A major theme of Maurice Casey (and one persistently expressed by his student and carer, Stephanie Fisher, in her almost 300 comments left on this blog two to four years ago) is that most mythicists are psychologically bent. The reason is simple. They (most of them) were once fundamentalists. Reading Casey’s book is a tiresome déjà vu experience: I find myself reading the same phrases, the same accusations, the same projections, the same misunderstandings as Stephanie continually unleashed between 2010 and 2012 on Vridar. At the time Stephanie petulantly repeated her threat to “go and tell” her “big brother surrogate”, Maurice Casey, all the complaints she had against me and to persuade him to write a book exposing me and all mythicists. So here it is. Steph’s revenge!
Sorry, Steph, but I cannot take it seriously. Anyone who does take it seriously despite the obvious vindictiveness that pervades it is not worth worrying about. It is a joke. My greatest amazement is that a publisher accepted it in the first place. Surely there’s a story to be told there one day.
Steph used to repeat the nonsense over and over that anyone who was a mythicist was motivated by a hatred of religion. And here we see the same old myth: when those who are now mythicists left their former religions they switched to being just as fundamentalist in their hatred of all forms of Christianity. They hate God and Jesus so much that they are determined to believe neither exists. The exceptions to the rule are, as we just noted, “bizarre”.

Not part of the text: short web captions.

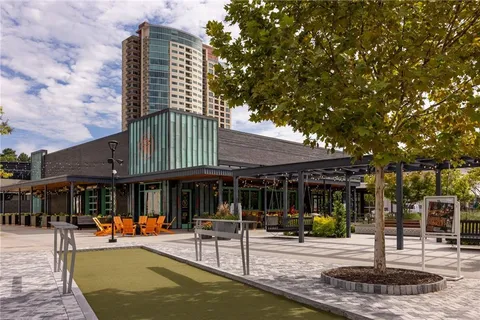 a view of a house with backyard porch and sitting area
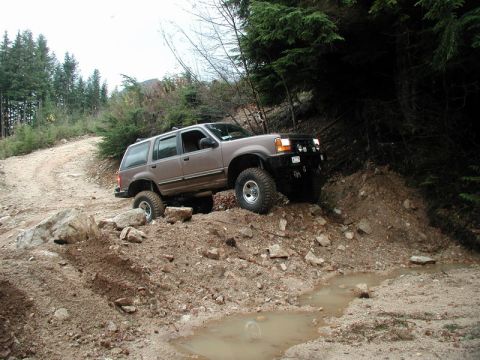 Lifted tan SUV on a muddy, rocky off-road trail.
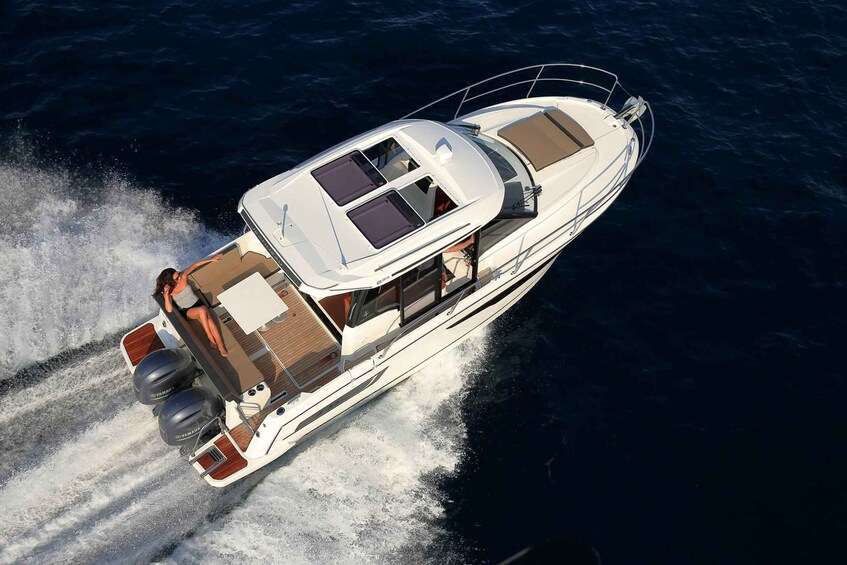 A white motor yacht with a cabin, seating, and two outboard engines. 2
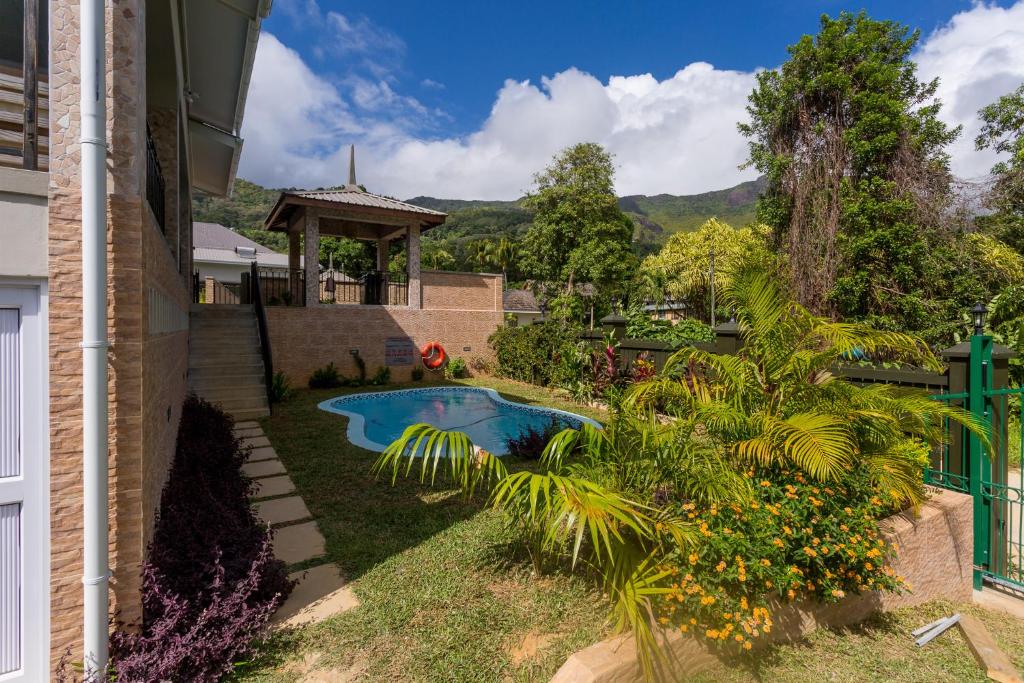 a backyard with a swimming pool and a gazebo at Beau Vallon Villa Chalets in Beau Vallon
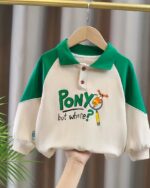 O, voit un polo manches longues blanc et vert avec une inscription de dessin animé sur le torse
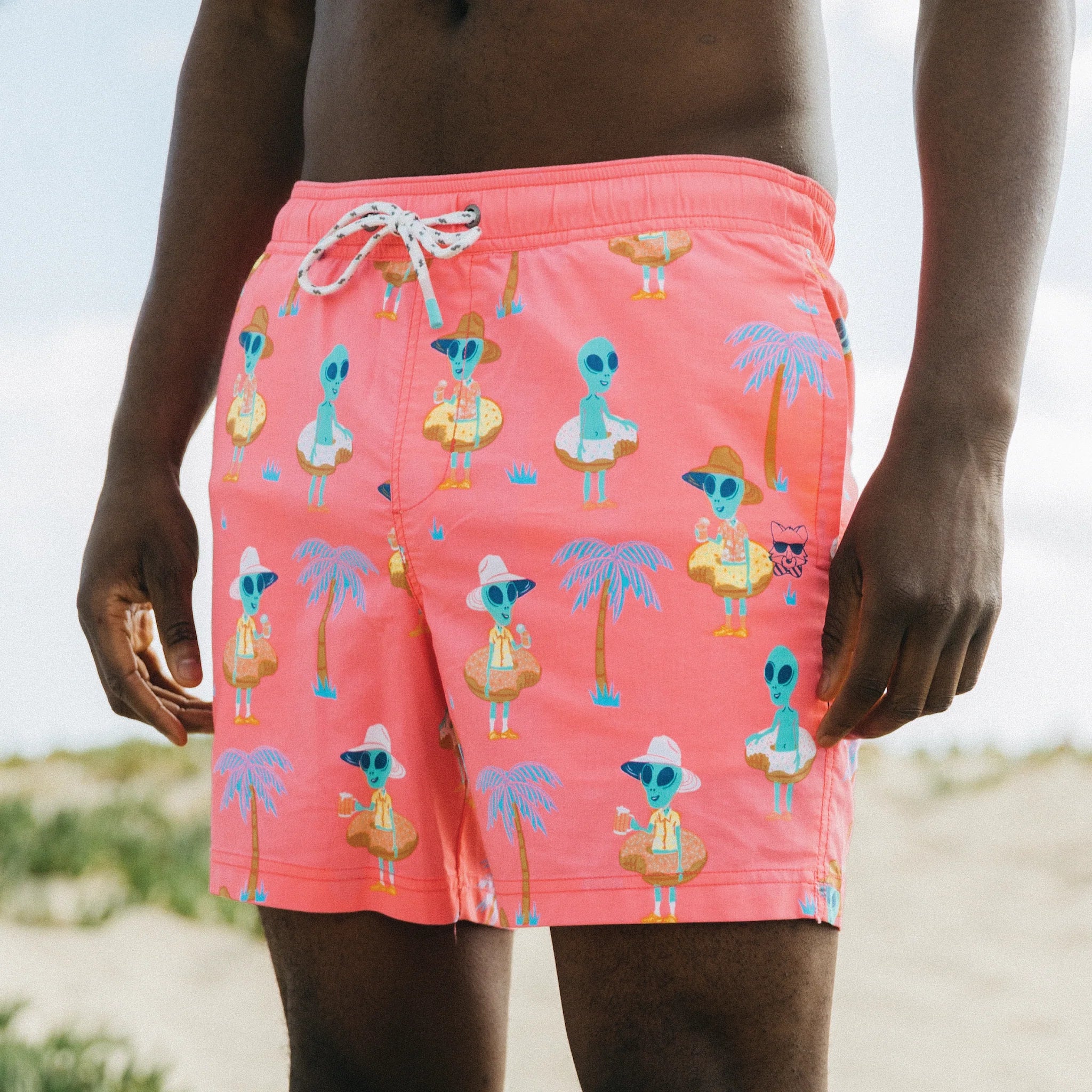 A guy wearing the Pool Fool Party Starter Short - Pink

This crudely bigoted portrayal of mythicism was apparently picked up by Casey from Stephanie Fisher. In his Preface he writes:
Stephanie Fisher persuaded me to write this as she was concerned with a growing phenomenon, enhanced by amateur blogs on the internet and inspired partly by publications by Price and Doherty, that there was no historical Jesus. . . . She felt this mythicist element was fuelled by atheism and anti-religion which attacked scholarship as religiously motivated. . . . She therefore persuaded me to write this book.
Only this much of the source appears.